WASHINGTON -- The Obama administration has opened a small, but potentially important, hole in a key requirement of the new healthcare law, letting some people who have had insurance policies cancelled avoid the requirement to buy coverage next year.


The change, announced Thursday night in a letter that Health and Human Services Secretary Kathleen Sebelius sent to a group of senators, marks the first exception the administration has allowed to the law's so-called individual mandate.


Under the new policy, people who have received notices that their health plans are being canceled would qualify for hardship exemptions allowed by the law. Under those exemptions, they could buy low-cost catastrophic health plans or skip buying health coverage altogether.


The low-cost plans, which provide bare-bones coverage, are otherwise available only to some people younger than 30.


The number of people directly affected by the change may be relatively small. Administration officials said earlier Thursday that they believed about 500,000 people nationwide had received notices canceling existing policies and had not yet bought new coverage.

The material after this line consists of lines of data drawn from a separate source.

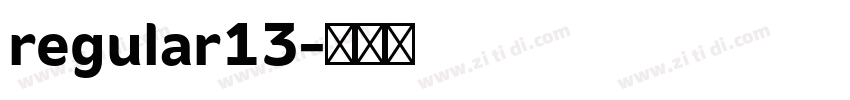 regular13字体转换
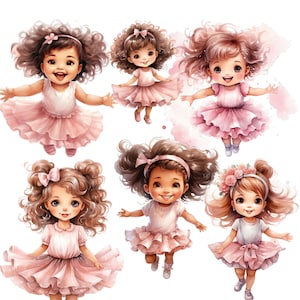 Bailarina Clipart / Bailarina de acuarela / Imprimibles de fiesta / Pegatinas de bailarina Planer / Tutu Girls Clipart / Bailarina / Swan Clipart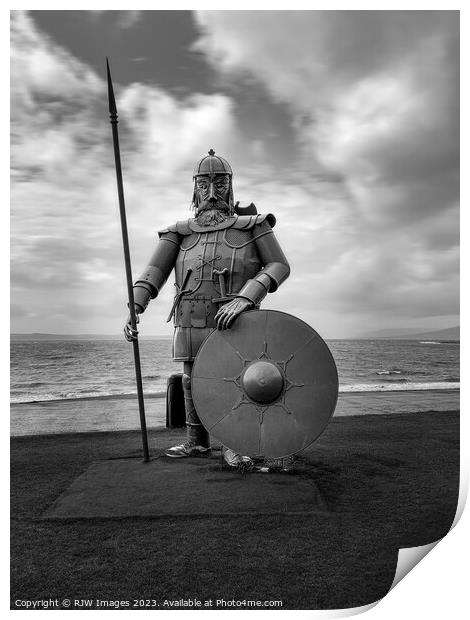 Magnus the Largs Viking Print by RJW Images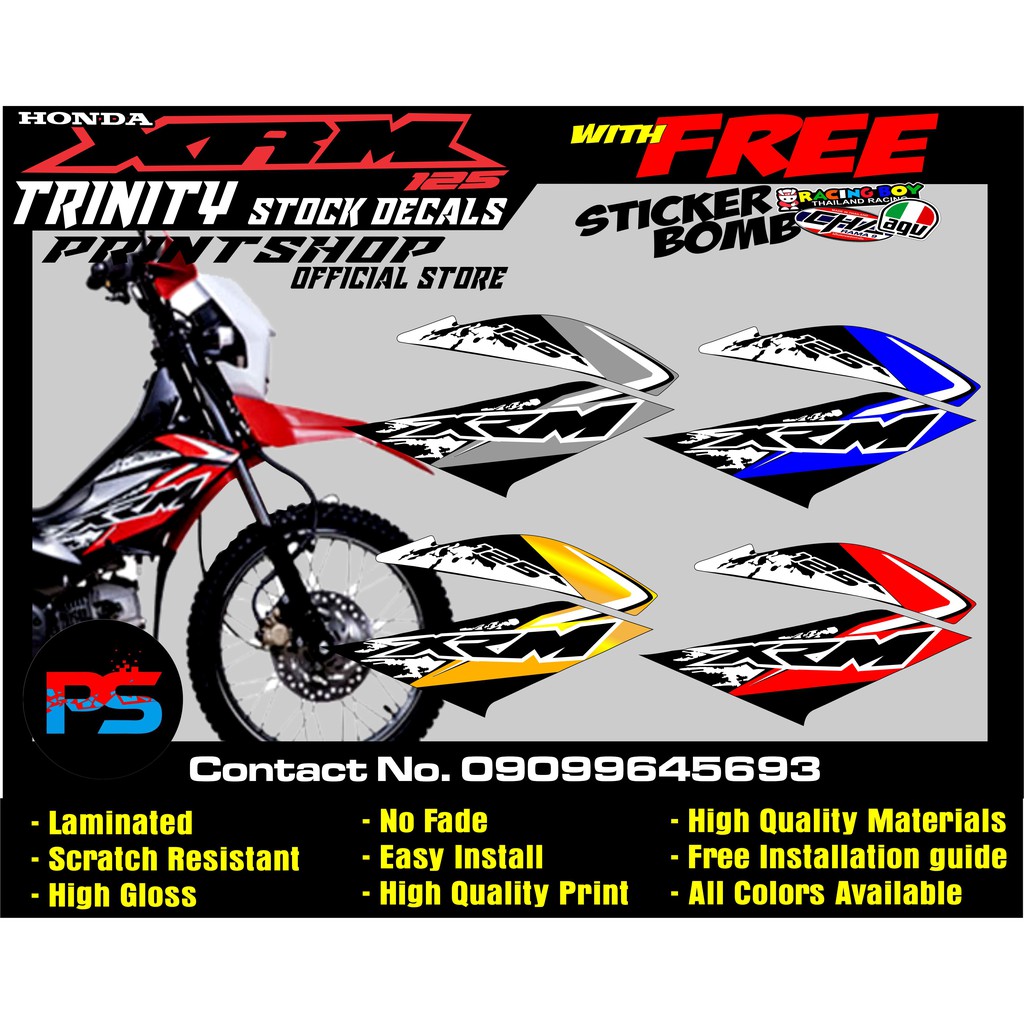 Xrm trinity deals decals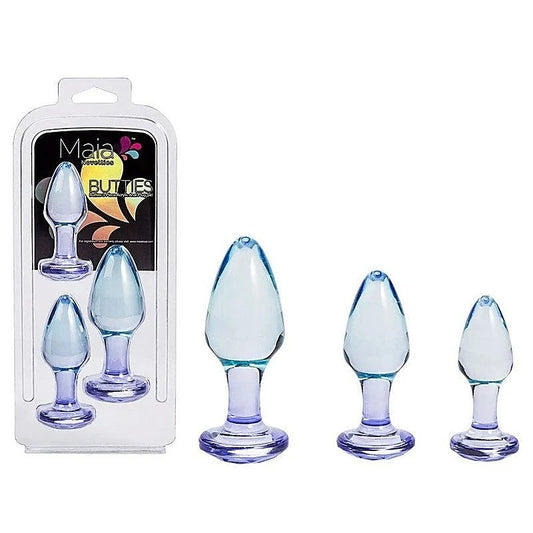 Maia BUTTIES Clear Butt Plugs Set of 3 Sizes by Maia Toys - Butt Plugs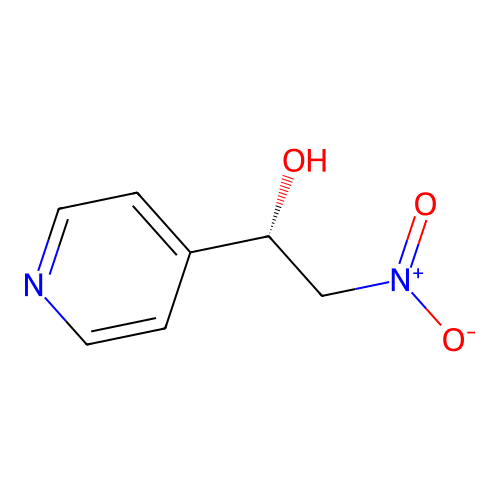 (1S)-2-nitro-1-pyridin-4-ylethanol structure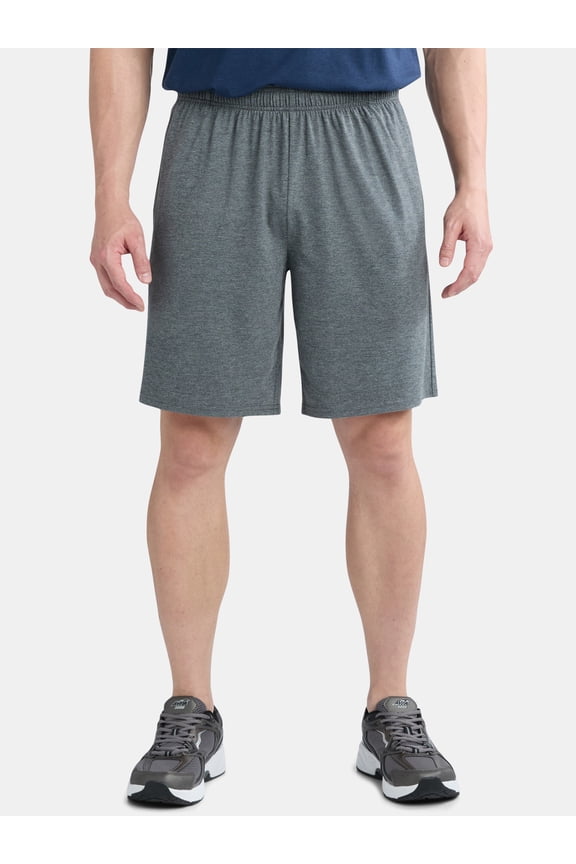 Men's and Big Men's Tri-Blend Active Shorts, 7" Inseam, Sizes S-5XL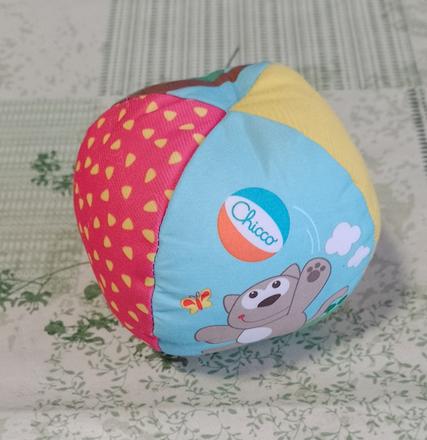 Látková loptička, motív mačička, chicoo, 10 cm, 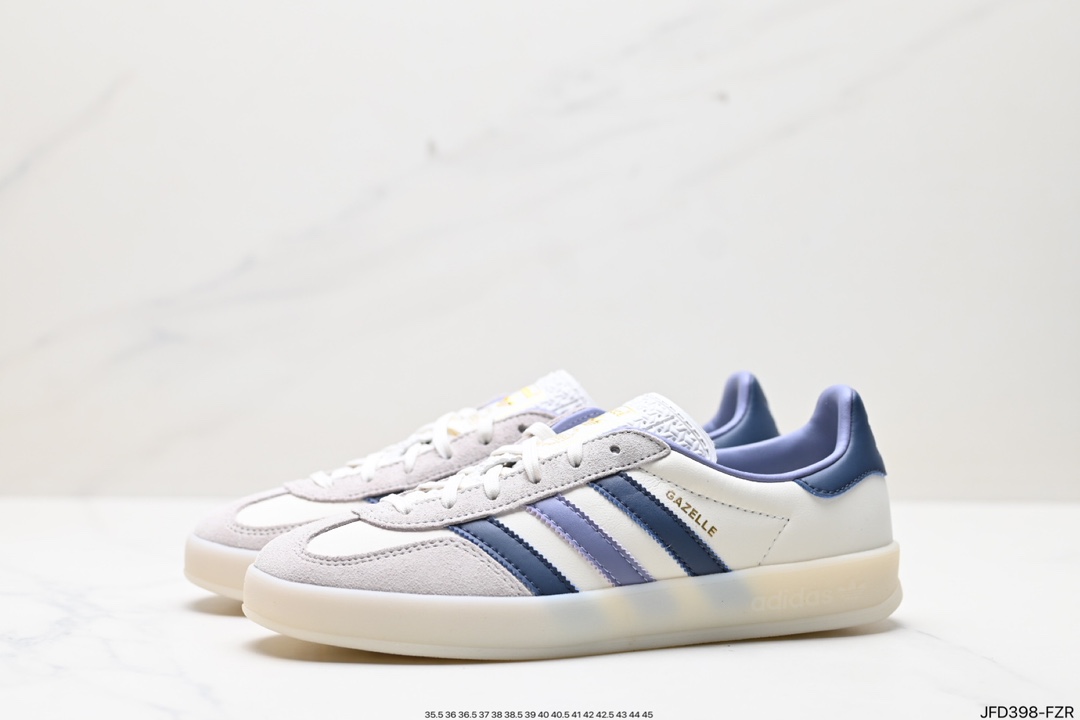adidas Originals Gazelle INdoor clover casual non-slip wear-resistant low-top sneakers IG1643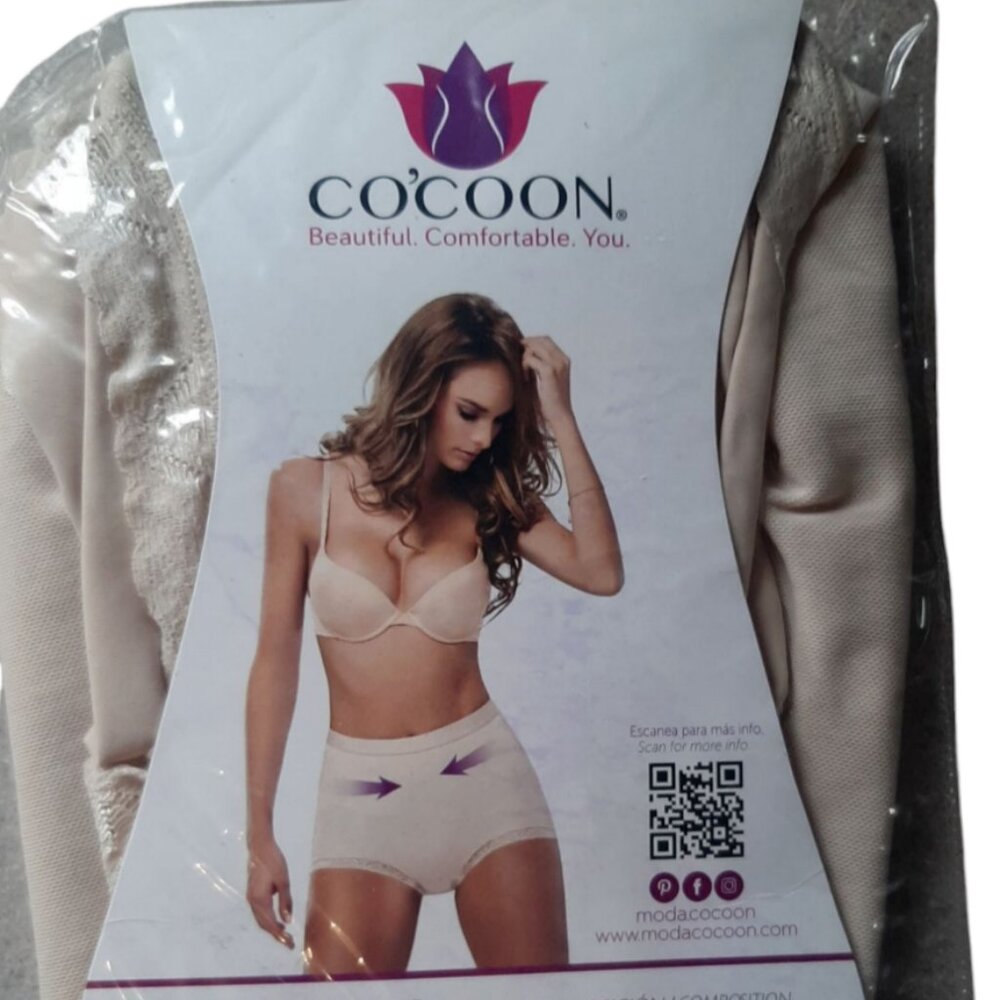 Co'Coon Powernet Buttocks Lifter-Butt Lifter Panty Size 38 Style #2609-Natural
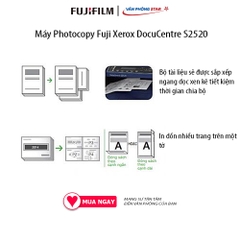 Máy photocopy đa chức năng FujiXerox DC S2520, chính hãng bảo hành toàn quốc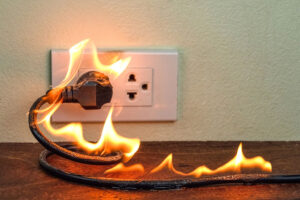 burning outlet
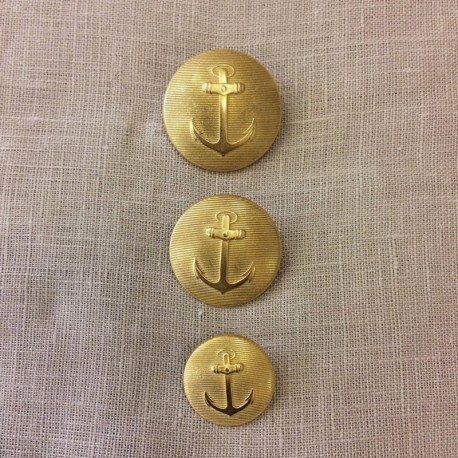 Metal Button Drop Anchor, col. Gold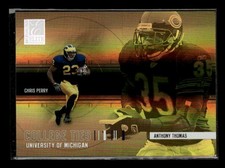 2004 Donruss Elite Ct-10 Anthony Thomas Chris Perry College Ties 2000 2004 Donruss Elite Ct-10 Anthony Thomas Chris Perry College Ties 2000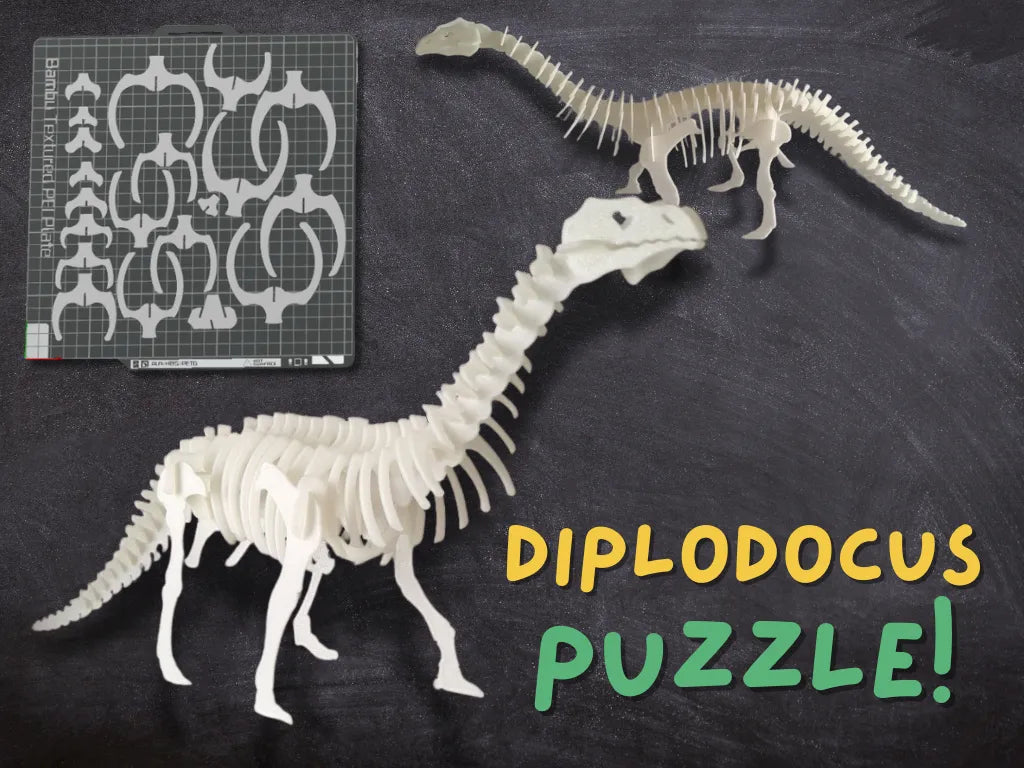 Puzzle Diplodocus 3D - Maquette Print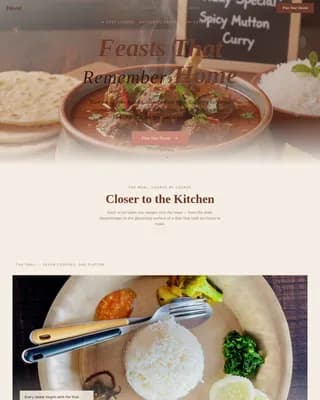 Dawat - Authentic Bangladeshi Catering Landing Page Template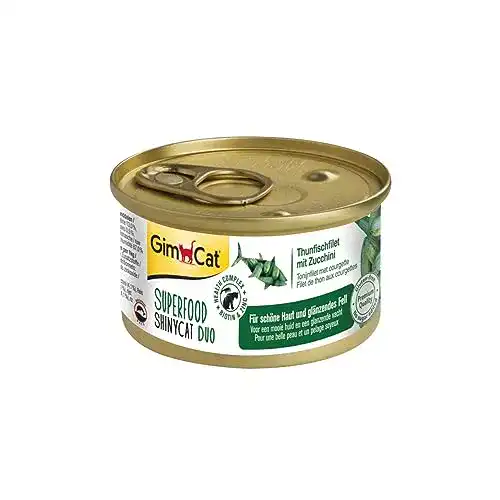 Katzenfutter mit hohem Fleischanteil GimCat Superfood ShinyCat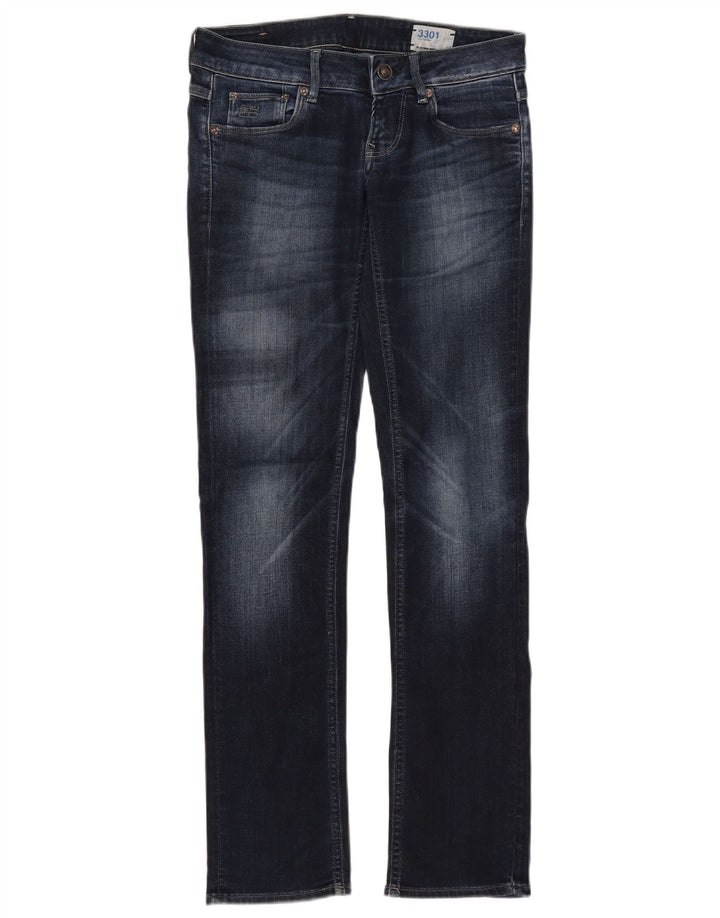G-Star Womens 3301 Slim Jeans W30 L31 Navy Blue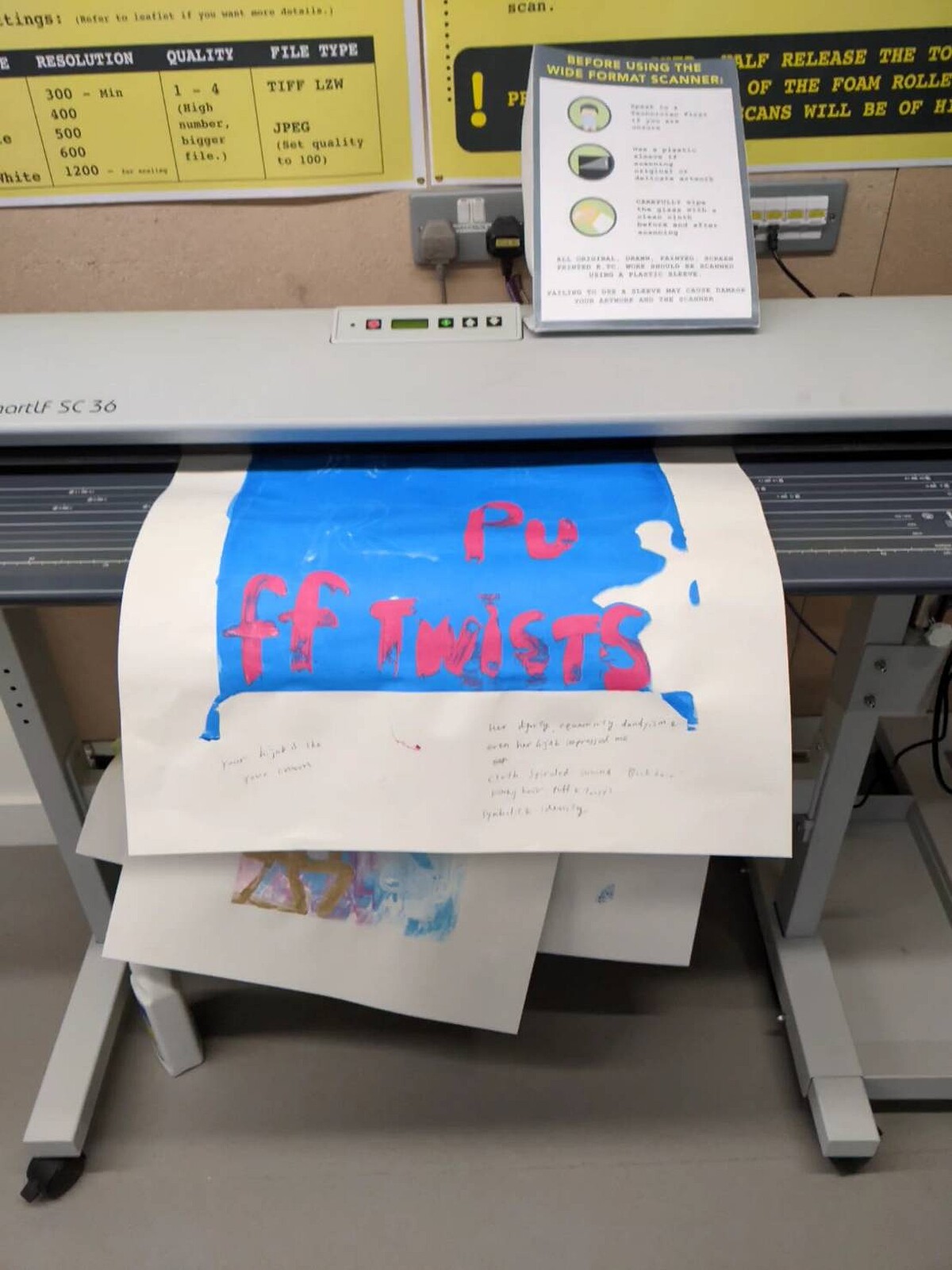 大圖掃描工作坊成品。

Since those people already had purchased coverage at a time when no law required it, a large percentage of them presumably will buy coverage next year rather than take advantage of the new exemption.


But even if that turns out to be the case and the number of people claiming exemptions is small relative to the size of the insurance market, the political impact of the change could be large. The exemption policy constitutes the first crack in the wall for the requirement to buy coverage.


Republicans, who have campaigned fiercely against the requirement that people buy insurance, probably will now seize on the new exemption as a precedent.


Health insurers have insisted the mandate that everyone buy insurance is necessary to keep coverage affordable and were quick to criticize the new policy.


The change, coming less than two weeks before new health plans take effect on Jan. 1, "could cause significant instability in the marketplace and lead to further confusion and disruption for consumers," Karen Ignagni, the head of America's Health Insurance Plans, the industry trade group, said in a statement.


The new policy stems from one of the biggest political problems Obama has faced with the troubled rollout of the healthcare law -- his promise that the people who liked their existing health plans could keep them. When several million people nationwide began receiving notices that their plans would be canceled because the plans fell short of the new law's requirements, Obama suffered a sharp drop in public trust.


Democrats in Congress, especially senators facing tough reelection challenges next year, were bitterly upset at the predicament in which Obama's words had placed them. They have pressured the administration to respond to angry constituents.


Sebelius made the latest concession in a letter to six senators: Democrats Mark R. Warner and Tim Kaine of Virginia, Jeanne Shaheen of New Hampshire, Mary L. Landrieu of Louisiana and Heidi Heitkamp of North Dakota and independent Angus King of Maine. Landrieu and Shaheen are up for reelection in 2014, and the Louisiana race already promises to be close.


In a statement, the six said the change would "help those consumers who have had their plans canceled this year transition more smoothly into the marketplace."